Comment interprétez-vous le fait que Manuel Valls a affirmé ce matin "ne pas pouvoir admettre" les "problèmes sanitaires" rencontrés dans les campements ?

- Encore une fois, s'il y a des problèmes sanitaires et qu'on expulse et met à la rue les personnes, est-ce en adéquation avec leurs droits ? Il faut cesser de traiter la situation des Roms dans la seule logique de campements et de démantèlements. Les associations et les collectivités territoriales œuvrent dans ce sens. Le 10 juillet s'est tenue à Aix-en-Provence une réunion avec le préfet de PACA et la maire d'Aix. Il a été dit que des solutions étaient possibles, mais le préfet a tout de même conclu en disant d'expulser ! Dans de nombreuses villes comme Bordeaux, Nantes, Grenoble, Marseille, Aix, Lyon, Paris, les collectivités en ont marre de se balader avec la patate chaude et veulent trouver des solutions durables.

Comment y parvenir ?

- Il faut s'arrêter, regarder chaque situation au cas par cas, et offrir un accompagnement social personnalisé. Il faut cesser de réfléchir en termes de "camps de Roms", et voir plutôt des hommes et des femmes en situation de précarité qui vivent dans des campements pour certains en effet insalubres. Pour certains on peut trouver une réponse en France, pour d'autres dans leur pays d'origine. Nous ne cherchons pas à entretenir un rapport de force, mais nous devons, aux côtés de l'État, des services sociaux et des collectivités, trouver des réponses durables.
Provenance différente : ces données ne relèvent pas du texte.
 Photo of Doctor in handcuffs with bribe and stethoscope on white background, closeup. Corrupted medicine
Levons dans un premier temps les mesures transitoires qui les empêchent de travailler. Certains sont qualifiés et beaucoup ont une réelle volonté de le faire. Ils pourraient exercer des emplois de service : saisonniers agricoles, petite réparation... Pour cela, il faut cesser de les expulser toutes les trente secondes. Nous demandons aussi aux préfets de réunir les acteurs concernés pour regarder, sur chaque secteur, comment résoudre le problème. De manière générale, il ne faut pas non plus prendre la question sous le seul aspect des Roms. On doit avant tout répondre au problème de mal logement en France, au problème de logement précaire, de centres d'hébergement et de dispositifs d'insertion. 

Le ministre a dit, aussi, "le problème est plus général. Ce sont des citoyens européens et je crois qu'il est temps que l'UE rappelle aussi à ces pays (...) où souvent ces gens sont pourchassés et vivent en tout cas de véritables discriminations, leurs obligations."
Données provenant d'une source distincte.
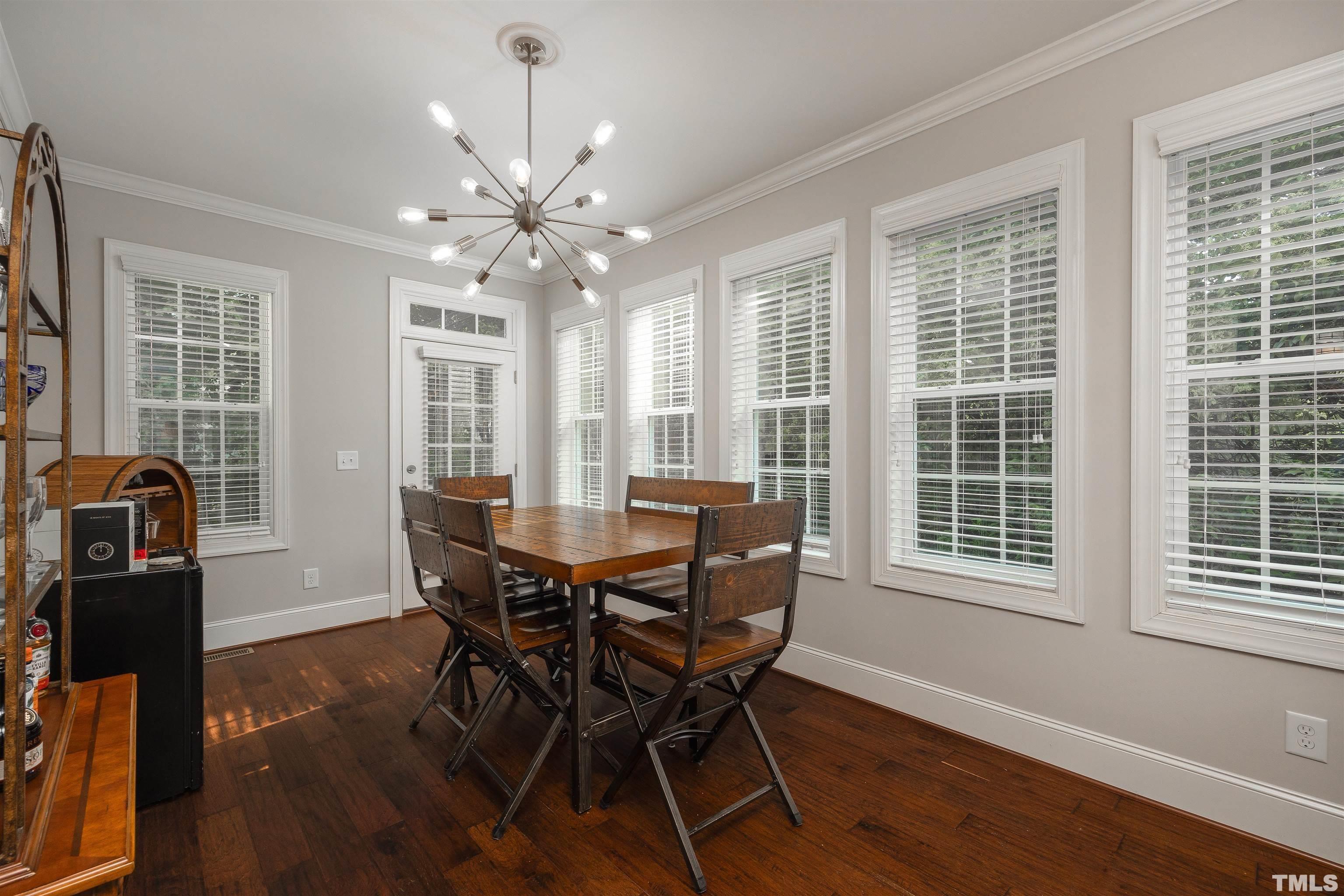 2829 Plumfield Place Raleigh, NC 27607 - Photo 8 of 26 a view of a dining room with furniture window and wooden floor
- Il y a entre 1,5 million et 2 millions de Roms en Roumanie, et plus de 800.000 en Bulgarie. Évidemment que les gouvernements traitent cette question, mais ils y sont tout de même nombreux. Au lieu de leur reprocher leur façon de travailler et de se poser en donneur de leçons, voyons que nous avons entre 10 et 15.000 Roms, ressortissants roumains et bulgares, sur le sol français. Ce n'est ni une invasion, ni un problème.
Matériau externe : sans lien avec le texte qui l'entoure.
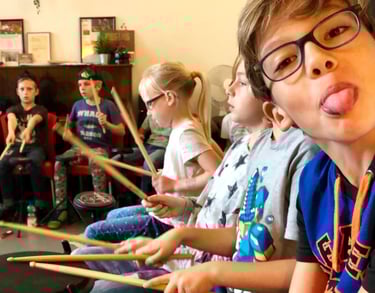 a boy playing drums in a classroom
Manuel Valls a par ailleurs insisté sur la "sérénité" nécessaire au traitement de cette problématique, comparant avec "la manière dont ça a été fait il y a deux ans".

- On est d'accord. C'est pourtant ce qu'il fait. Il a pourtant affirmé à sa nomination que son ministère veillerait à ne pas stigmatiser les Roms. A son arrivée, on lui a demandé un rendez-vous. Nous n'avons toujours pas de réponse. On ne comprend pas son refus de la main tendue des associations. Ou du moins son silence insistant. Nous voulons croire que son agenda est chargé.